Nevada ought to get on board as well. One of the chief obstacles to achieving consensus on government spending is the inherently opaque nature of government itself, particularly in the realm of K-12 education. Citizens are made aware, usually through the press, of bottom-line expenditure levels for the state's various government agencies, but there's no easy way for the average citizen or state lawmakers (or even a public policy outfit such as NPRI, for that matter) to track where exactly all of this money is going once it is doled out.
Absent transparency, the average citizen trying to follow the typical back-and-forth between proponents on each side of the debate remains in the dark about who has the more credible argument.

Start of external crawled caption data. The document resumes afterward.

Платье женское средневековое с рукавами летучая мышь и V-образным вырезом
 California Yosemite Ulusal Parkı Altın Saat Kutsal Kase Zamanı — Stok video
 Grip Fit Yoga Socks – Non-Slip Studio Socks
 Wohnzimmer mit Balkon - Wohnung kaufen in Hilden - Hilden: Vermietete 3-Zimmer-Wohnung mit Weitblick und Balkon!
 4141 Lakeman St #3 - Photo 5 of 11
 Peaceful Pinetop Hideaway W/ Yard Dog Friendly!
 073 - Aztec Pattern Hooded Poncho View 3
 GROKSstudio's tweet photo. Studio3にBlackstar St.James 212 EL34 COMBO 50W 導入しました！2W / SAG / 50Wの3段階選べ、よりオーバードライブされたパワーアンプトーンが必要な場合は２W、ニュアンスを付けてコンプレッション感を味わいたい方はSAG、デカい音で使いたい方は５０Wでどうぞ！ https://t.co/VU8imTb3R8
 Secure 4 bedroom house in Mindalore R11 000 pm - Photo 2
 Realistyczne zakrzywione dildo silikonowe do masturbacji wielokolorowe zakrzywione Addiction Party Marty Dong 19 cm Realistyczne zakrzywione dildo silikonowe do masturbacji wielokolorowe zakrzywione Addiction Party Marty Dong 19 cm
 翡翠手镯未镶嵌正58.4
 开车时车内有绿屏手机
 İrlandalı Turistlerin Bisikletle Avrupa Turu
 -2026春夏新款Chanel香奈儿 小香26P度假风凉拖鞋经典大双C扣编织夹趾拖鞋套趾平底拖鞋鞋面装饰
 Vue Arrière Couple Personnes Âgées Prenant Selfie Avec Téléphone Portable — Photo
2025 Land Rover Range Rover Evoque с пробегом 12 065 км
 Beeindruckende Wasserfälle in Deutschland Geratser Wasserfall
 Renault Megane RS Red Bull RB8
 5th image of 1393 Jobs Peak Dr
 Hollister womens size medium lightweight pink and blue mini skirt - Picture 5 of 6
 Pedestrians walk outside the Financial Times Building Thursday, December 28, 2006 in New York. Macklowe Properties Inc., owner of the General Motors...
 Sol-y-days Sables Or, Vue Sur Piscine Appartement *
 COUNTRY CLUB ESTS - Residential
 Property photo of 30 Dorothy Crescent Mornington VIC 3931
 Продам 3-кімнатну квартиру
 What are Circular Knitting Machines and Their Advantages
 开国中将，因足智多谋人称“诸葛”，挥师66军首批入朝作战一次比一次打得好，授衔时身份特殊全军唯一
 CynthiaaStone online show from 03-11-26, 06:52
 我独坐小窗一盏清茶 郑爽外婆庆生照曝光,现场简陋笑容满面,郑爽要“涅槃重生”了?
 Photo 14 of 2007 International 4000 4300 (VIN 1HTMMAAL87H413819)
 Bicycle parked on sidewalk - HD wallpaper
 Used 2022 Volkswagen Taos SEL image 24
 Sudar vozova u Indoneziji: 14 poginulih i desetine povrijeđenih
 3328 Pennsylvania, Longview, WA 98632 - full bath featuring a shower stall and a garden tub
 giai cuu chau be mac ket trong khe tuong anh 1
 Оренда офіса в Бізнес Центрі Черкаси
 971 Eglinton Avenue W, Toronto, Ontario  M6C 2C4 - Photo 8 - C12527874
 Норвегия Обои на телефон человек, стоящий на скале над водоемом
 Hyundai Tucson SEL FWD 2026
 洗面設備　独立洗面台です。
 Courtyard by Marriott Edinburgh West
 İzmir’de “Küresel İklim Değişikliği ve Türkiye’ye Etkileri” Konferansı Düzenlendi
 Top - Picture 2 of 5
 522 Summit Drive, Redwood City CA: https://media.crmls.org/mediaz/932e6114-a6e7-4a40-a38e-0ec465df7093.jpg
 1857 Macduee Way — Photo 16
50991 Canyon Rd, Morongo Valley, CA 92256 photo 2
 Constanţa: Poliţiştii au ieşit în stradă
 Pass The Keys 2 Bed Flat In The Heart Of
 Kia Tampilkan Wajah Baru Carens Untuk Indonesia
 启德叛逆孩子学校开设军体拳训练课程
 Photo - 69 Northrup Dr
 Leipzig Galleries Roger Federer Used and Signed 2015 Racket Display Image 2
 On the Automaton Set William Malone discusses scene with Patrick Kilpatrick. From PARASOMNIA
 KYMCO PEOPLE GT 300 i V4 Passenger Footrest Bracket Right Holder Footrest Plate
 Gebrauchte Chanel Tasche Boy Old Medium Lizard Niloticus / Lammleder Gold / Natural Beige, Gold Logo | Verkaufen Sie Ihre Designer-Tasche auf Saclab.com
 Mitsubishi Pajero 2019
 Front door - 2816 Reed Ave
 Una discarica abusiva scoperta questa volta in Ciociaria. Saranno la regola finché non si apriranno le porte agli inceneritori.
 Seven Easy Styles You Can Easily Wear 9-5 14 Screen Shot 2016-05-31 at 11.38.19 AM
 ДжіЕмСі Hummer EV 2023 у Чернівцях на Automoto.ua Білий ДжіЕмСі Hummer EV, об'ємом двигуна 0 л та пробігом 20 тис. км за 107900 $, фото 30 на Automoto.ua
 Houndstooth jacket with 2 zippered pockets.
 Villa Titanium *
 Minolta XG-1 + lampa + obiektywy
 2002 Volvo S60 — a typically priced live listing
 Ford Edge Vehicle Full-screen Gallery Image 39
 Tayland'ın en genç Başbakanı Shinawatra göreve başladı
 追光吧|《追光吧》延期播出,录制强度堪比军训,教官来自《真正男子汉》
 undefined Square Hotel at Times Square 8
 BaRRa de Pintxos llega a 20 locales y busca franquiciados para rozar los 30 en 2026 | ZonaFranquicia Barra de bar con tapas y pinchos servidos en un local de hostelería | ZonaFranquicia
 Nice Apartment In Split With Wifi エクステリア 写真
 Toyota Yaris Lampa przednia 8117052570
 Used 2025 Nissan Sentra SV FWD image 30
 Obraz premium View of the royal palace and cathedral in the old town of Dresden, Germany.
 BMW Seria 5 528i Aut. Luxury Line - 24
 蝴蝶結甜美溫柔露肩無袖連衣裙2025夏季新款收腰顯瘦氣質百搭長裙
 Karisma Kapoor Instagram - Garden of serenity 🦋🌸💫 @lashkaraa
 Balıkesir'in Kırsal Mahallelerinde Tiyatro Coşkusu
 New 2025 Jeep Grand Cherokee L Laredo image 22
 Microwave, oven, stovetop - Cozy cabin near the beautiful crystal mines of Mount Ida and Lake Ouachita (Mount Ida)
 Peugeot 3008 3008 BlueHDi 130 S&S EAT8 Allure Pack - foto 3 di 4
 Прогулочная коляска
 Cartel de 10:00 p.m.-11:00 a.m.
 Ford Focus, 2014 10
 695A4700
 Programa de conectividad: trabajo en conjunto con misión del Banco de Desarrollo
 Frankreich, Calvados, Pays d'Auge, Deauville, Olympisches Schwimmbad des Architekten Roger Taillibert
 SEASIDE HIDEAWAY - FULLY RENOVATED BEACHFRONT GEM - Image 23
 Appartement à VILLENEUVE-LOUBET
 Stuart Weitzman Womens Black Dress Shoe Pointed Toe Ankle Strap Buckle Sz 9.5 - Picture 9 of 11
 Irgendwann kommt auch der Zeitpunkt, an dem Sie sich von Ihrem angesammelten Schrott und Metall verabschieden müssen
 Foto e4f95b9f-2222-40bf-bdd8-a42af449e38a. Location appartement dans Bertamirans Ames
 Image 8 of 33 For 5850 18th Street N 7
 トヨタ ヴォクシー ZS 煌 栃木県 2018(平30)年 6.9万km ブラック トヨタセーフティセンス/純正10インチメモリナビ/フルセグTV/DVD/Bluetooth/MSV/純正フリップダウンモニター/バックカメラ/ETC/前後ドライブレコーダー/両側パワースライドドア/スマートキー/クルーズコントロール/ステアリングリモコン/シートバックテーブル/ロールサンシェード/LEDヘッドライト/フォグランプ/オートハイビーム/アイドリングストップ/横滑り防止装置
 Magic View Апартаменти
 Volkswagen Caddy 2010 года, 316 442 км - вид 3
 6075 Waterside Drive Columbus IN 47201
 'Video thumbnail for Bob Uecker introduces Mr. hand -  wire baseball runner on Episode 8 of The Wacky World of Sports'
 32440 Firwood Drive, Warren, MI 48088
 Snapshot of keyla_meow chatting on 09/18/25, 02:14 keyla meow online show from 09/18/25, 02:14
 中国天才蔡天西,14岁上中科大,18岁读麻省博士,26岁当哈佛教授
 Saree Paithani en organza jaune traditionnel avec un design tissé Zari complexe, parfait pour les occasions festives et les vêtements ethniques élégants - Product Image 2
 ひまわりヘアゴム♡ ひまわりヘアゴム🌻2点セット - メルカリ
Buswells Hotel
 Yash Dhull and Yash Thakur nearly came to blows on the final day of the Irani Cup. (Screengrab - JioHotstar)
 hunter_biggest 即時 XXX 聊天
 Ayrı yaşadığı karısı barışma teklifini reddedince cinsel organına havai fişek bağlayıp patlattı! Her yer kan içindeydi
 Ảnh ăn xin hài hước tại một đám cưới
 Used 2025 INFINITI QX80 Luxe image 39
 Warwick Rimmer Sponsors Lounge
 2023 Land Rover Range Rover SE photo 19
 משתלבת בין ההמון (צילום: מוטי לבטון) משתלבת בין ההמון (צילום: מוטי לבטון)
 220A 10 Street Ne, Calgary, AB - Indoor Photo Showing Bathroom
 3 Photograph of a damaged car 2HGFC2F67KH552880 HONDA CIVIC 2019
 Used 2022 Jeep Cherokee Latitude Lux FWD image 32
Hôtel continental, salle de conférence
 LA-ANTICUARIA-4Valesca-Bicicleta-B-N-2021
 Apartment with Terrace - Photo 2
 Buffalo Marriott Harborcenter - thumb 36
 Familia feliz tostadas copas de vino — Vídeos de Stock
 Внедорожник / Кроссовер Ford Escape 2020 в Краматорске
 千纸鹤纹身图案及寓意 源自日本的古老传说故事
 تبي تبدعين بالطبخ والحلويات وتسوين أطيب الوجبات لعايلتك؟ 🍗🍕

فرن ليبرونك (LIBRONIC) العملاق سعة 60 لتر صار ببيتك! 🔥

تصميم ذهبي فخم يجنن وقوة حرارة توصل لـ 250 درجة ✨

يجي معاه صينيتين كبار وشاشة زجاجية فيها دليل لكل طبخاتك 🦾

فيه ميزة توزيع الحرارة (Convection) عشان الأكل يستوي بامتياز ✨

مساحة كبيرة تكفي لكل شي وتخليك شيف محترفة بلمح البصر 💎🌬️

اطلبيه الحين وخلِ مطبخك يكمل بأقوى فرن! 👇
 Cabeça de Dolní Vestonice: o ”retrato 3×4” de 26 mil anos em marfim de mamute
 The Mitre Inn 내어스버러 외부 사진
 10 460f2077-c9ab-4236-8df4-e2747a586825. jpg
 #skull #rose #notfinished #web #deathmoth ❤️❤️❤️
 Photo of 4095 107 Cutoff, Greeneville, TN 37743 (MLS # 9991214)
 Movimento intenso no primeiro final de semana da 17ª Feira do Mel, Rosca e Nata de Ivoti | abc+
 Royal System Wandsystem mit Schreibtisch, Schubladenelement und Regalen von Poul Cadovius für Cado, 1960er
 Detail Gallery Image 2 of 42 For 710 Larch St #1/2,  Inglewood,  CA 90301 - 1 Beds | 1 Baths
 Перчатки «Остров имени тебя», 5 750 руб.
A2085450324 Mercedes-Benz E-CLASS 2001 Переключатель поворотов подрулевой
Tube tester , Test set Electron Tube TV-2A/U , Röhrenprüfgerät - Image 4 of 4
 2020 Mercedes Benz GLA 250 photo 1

Those who argue that these budget reductions would be a serious blow to the quality of education in Nevada would certainly have more credibility if citizens could independently verify matters for themselves. Currently, taxpayers who would have to come up with the extra revenue needed to maintain desired spending levels simply have to take the education establishment's word for virtually everything. If those who swear there is absolutely no room to trim are indeed sincere, then they ought to welcome the opportunity to open the books and prove their case.
And what of those on the other side of the debate, like NPRI? They, too, although generally sympathetic to the argument for scaling back spending during economic downturns, could make valuable contributions to the discussion under an open-books regime. It is our belief that even under the governor's "cuts' to the K-12 education budget — which still allow for a 15 percent increase in spending over the last biennium, after all — the ed establishment has sufficient funds (assuming some basic level of managerial competence) to carry out its functions. Still, absent the specifics, we, too, appear reduced to what to many people likely sounds like vague theories and empty rhetoric.
It is long past time for Nevada voters to be treated like adults and be allowed to see exactly where their money is going.
Andy Matthews is communications director at the Nevada Policy Research Institute.